I see five major areas that need to change for Government departments to become data driven.

Skills and culture

  • The most significant change comes when business leaders recognise the advantages of being data driven.  Deepening and widening the skills to analyse data across the organisation is part of the cultural shift.  It is worth noting that many organisations should spend more time exploiting the data they already have because it is enough.  Leaders can facilitate an ecosystem that harnesses technology for impact throughout the business.  For example, by adoption engaging, consumable visualisation tools.

Delivery

  • Capability is delivered by business-driven value streams.  They focus on operational outcomes and are able to adapt the data pipeline to current need.  The right incentives need to be established.  The measurement system for everyone needs to comprise proportions of net promoter score and quality as well as business results.
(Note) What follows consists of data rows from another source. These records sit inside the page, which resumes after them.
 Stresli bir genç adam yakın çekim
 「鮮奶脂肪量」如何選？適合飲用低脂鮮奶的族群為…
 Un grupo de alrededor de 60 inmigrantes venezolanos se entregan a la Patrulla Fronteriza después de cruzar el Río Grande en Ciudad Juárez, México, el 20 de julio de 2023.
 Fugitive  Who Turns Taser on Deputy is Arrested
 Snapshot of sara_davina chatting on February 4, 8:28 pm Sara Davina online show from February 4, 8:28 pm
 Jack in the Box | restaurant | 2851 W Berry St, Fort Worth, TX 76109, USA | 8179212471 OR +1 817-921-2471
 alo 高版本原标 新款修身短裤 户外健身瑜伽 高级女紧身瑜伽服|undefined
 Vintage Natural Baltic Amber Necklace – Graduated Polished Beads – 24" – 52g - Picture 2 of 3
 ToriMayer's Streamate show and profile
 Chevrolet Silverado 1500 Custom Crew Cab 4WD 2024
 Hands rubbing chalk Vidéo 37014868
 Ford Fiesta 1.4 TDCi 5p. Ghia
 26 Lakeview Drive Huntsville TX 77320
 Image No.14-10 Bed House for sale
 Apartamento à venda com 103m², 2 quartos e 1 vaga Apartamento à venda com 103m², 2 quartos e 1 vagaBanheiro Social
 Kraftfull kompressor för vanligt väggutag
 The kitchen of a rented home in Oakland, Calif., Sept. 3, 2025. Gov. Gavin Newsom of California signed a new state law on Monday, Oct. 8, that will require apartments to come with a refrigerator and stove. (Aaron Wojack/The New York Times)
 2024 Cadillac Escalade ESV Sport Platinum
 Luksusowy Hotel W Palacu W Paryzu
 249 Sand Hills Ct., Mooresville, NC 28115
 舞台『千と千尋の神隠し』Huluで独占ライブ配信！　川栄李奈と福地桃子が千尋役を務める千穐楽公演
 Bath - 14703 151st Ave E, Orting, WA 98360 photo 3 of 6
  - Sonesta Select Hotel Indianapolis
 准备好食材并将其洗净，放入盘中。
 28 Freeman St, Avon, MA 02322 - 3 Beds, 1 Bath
Data access and governance

  • Establishing enterprise information governance enables information to be used appropriately for the best outcomes.  This includes the ethical use of analytics.  Catalogue and access services make it easier to find and get hold of data within policy.  Curation services give data meaning and sustain quality.  Data can be traced to it origin to justify decisions taken.  Policy enforcement aids compliance, such as GDPR.  The ODPi Egeria project hosted by the Linux Foundation is an example of efforts to increase technical maturity and cost efficiencies in this area by managing open meta data across the enterprise.

Architecture

  • The architecture must overcome the limitations of being application and process focussed.  This is done by making services available to data scientists and analysts that they understand and need to spend their time using their expertise, hiding the complexities of the underlying infrastructure, and providing mechanisms for them to share and reuse algorithms and results sets.  The architecture is open and spans data ingest from sources, a governed data lake, published APIs, microservices assembly by business users, and mechanisms for measurement, feedback and change throughout.  Provision should be made for exploiting fast data that has a shelf life.

Beyond the enterprise

  • Co-creation, building new capability and accessing new sources of data benefits from an ecosystem.  This spans providers of open data, commercial partners and other government departments.  It also extends to the edge with the Internet of Things, and the emergence of 5G presents opportunities to change the way governments deliver services.

Getting started

One way to begin is by selecting a business outcome and creating a value stream with a multi-disciplinary squad that cuts across today’s organisational silos.  Then deliver user driven, end-to-end capability in pursuit of the outcome.